Investigating the Role of Metabolic Reprogramming in the Pathogenesis of Diabetic Kidney Disease Using Novel Metabolic Mouse Models

Metabolic disorders are involved in the pathogenesis of diabetic kidney disease (DKD), and protein lipoylation may regulate metabolic disorders and energy reprogramming in DKD. To elucidate the role of protein lipoylation in metabolic regulation and understand its underlying mechanism, we used the Ins2Akita, a diabetic mouse model, crossed with lipoic acid synthase transgenic mice to illustrate the role of metabolic regulation at the initiation and early stages of DKD. We found that enhanced protein lipoylation attenuates the early DKD phenotype by analyzing renal albuminuria, glomerular mesangial expansion, and mitochondrial damage in proximal tubular epithelial cells as the LiasH/HIns2Akita/+ mice had markedly milder DKD phenotype than LiasL/LIns2Akita/+ mice via metabolic regulation by protein lipoylation.

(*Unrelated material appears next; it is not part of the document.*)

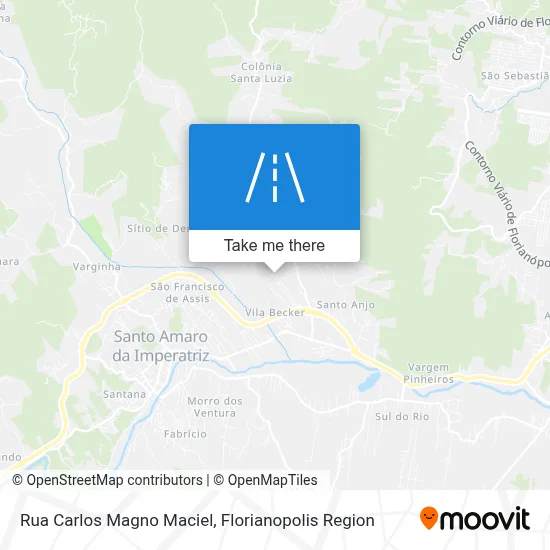 Rua Carlos Magno Maciel map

These data suggest that enhanced protein lipoylation potentially attenuates DKD by regulating metabolism and energy reprogramming. Our study provides insight into a new therapeutic strategy for DKD. The data included is high resolution mass spectrometry metabolomics raw data (generated on a Thermo Q Exactive HF-X). A processed peak list is also included along with metabolites that were identified in the samples.